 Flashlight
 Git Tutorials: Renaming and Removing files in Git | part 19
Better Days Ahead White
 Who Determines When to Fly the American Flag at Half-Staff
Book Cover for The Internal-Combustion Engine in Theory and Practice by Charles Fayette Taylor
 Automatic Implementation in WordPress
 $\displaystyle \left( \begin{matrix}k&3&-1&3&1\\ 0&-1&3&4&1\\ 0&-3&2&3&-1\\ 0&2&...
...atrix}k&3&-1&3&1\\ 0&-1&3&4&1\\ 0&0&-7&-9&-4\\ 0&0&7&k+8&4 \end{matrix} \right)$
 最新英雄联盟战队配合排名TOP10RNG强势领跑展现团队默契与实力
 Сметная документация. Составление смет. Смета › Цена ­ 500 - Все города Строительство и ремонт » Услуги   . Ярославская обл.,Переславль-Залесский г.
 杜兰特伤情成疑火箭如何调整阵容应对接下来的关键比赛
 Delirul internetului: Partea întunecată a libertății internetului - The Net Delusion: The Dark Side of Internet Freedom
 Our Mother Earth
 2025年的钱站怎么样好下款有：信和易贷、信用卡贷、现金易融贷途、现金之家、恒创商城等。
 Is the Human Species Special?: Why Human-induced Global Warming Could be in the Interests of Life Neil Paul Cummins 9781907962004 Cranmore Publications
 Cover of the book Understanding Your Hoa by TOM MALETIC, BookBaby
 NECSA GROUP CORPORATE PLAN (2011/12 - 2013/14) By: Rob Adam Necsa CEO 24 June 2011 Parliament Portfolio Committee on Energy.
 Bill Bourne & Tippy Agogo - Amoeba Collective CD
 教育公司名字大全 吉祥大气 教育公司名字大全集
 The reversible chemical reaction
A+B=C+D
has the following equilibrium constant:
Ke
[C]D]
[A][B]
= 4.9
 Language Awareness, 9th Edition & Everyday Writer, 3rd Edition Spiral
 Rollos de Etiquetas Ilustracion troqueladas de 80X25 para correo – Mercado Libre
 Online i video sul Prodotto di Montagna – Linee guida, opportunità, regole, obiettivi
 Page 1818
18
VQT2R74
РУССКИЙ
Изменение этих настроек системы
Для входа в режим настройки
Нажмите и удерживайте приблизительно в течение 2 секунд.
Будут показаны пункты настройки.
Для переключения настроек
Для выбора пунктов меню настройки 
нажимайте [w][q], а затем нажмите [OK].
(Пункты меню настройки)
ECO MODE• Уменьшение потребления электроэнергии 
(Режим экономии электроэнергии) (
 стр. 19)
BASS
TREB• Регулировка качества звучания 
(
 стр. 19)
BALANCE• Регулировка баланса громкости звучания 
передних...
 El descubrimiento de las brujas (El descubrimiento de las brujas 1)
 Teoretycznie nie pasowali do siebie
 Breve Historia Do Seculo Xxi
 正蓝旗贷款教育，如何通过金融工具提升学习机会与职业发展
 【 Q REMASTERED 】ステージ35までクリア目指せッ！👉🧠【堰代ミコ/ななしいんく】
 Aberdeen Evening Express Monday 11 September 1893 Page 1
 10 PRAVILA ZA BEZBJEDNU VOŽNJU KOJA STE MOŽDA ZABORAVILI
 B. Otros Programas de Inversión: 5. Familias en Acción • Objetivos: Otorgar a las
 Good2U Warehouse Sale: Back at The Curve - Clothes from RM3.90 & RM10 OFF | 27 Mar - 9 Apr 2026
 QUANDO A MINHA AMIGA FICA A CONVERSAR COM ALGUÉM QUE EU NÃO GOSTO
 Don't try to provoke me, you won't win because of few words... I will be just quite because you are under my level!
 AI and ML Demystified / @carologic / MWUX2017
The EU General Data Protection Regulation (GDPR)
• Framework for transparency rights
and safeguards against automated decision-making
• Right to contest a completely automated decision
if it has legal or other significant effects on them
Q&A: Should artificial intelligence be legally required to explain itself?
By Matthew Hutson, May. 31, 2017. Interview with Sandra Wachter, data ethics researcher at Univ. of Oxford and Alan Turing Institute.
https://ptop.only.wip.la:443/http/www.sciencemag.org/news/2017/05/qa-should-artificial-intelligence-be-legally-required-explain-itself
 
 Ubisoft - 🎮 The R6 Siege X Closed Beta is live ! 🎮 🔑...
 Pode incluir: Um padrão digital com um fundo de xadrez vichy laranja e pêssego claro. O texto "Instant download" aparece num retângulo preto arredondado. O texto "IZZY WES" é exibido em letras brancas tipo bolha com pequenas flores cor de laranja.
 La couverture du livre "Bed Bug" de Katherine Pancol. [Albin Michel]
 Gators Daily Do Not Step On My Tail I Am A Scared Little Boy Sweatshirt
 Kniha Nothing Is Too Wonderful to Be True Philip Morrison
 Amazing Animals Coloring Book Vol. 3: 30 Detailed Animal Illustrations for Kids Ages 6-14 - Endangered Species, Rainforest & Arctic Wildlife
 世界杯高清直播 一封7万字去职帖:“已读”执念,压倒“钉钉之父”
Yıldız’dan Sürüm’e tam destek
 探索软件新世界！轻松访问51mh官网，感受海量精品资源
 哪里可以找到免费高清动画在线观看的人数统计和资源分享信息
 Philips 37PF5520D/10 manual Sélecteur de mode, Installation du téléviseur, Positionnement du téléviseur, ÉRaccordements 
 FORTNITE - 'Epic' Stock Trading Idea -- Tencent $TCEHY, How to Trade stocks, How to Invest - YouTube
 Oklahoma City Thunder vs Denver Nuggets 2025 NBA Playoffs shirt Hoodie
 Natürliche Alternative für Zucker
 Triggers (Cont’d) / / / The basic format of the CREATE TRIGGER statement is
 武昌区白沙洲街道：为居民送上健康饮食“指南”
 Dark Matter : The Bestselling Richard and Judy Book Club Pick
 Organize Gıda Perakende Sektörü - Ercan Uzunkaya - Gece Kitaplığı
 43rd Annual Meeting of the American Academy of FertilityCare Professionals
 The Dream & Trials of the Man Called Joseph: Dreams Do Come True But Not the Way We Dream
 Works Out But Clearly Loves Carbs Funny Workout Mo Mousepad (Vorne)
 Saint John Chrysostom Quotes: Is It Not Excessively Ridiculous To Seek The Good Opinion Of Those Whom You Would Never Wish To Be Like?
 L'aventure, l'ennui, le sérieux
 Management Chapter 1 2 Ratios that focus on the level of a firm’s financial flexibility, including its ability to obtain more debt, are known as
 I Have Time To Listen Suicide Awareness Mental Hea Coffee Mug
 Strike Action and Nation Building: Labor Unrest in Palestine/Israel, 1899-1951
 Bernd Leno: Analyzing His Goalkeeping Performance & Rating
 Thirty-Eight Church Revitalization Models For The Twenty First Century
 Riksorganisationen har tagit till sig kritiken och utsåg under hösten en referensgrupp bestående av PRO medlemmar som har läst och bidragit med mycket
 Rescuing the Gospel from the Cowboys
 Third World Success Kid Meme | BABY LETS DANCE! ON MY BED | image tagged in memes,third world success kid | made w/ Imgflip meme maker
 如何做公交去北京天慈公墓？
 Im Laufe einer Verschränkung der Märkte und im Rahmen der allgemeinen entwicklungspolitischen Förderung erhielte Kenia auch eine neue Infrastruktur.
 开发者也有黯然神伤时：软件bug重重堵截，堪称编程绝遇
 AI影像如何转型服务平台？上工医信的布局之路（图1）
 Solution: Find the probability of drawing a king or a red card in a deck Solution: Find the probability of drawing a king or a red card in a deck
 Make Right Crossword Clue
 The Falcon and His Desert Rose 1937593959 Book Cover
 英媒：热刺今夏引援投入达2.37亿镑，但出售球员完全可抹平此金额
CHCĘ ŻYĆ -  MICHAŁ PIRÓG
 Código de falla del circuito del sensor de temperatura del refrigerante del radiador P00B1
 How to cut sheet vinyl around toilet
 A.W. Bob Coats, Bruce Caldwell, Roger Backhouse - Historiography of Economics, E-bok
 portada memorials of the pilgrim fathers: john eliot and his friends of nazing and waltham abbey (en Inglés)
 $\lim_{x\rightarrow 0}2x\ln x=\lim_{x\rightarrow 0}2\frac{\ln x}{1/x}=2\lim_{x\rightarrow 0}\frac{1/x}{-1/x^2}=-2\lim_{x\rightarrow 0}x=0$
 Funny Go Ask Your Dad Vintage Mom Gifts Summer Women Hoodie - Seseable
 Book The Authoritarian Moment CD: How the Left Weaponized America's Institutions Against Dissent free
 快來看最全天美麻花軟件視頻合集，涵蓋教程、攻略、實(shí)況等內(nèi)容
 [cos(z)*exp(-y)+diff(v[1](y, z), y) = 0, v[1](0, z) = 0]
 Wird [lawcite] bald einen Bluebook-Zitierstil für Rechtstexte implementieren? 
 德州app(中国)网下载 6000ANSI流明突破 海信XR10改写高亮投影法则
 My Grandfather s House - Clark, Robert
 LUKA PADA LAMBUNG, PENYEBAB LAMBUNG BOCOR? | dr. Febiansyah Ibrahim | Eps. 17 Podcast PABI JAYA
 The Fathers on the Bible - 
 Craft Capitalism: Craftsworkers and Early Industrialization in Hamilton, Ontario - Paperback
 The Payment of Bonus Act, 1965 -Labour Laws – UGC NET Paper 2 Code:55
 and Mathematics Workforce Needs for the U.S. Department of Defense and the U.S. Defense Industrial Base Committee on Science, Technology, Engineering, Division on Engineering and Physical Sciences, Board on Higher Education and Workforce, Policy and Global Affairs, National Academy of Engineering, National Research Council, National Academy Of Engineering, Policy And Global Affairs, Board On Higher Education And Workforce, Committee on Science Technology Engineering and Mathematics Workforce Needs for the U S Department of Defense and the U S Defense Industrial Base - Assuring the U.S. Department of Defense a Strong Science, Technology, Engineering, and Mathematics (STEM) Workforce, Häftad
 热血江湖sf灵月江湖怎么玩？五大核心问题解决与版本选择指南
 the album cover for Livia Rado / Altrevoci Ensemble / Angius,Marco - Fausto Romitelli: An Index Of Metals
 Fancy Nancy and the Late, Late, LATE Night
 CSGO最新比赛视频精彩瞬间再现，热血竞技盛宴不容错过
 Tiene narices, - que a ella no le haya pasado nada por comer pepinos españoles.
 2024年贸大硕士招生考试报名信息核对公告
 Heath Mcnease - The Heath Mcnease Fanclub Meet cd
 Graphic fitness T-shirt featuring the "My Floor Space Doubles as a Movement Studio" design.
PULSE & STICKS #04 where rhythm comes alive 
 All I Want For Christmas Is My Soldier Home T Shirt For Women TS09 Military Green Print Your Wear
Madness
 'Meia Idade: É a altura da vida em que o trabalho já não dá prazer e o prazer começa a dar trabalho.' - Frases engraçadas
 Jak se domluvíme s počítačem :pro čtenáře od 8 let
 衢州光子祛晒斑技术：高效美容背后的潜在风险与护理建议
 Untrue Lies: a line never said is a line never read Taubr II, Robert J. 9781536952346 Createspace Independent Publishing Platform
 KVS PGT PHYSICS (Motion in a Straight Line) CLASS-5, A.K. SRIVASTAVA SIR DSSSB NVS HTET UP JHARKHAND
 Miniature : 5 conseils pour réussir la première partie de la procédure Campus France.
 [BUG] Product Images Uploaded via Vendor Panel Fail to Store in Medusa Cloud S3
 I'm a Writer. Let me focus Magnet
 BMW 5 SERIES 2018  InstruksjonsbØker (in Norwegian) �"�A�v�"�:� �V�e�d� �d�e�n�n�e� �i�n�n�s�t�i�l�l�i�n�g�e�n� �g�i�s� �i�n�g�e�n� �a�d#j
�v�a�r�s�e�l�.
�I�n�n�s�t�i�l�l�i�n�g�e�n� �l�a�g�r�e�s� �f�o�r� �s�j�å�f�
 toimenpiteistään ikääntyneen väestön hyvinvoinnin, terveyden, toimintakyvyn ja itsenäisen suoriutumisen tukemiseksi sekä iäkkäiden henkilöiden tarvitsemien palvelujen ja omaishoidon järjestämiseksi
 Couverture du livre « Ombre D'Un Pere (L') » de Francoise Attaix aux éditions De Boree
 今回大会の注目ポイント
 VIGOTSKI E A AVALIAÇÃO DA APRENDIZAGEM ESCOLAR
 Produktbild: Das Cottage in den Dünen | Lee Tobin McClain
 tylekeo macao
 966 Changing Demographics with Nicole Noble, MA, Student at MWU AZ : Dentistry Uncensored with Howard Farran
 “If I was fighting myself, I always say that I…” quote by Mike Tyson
= = = = =
▸ Exercise
Output, exactly and in full, the lines from the start of the entries above through the line that contains "Book Cover for".

▸ Solved exercise
 Flashlight
 Git Tutorials: Renaming and Removing files in Git | part 19
Better Days Ahead White
 Who Determines When to Fly the American Flag at Half-Staff
Book Cover for The Internal-Combustion Engine in Theory and Practice by Charles Fayette Taylor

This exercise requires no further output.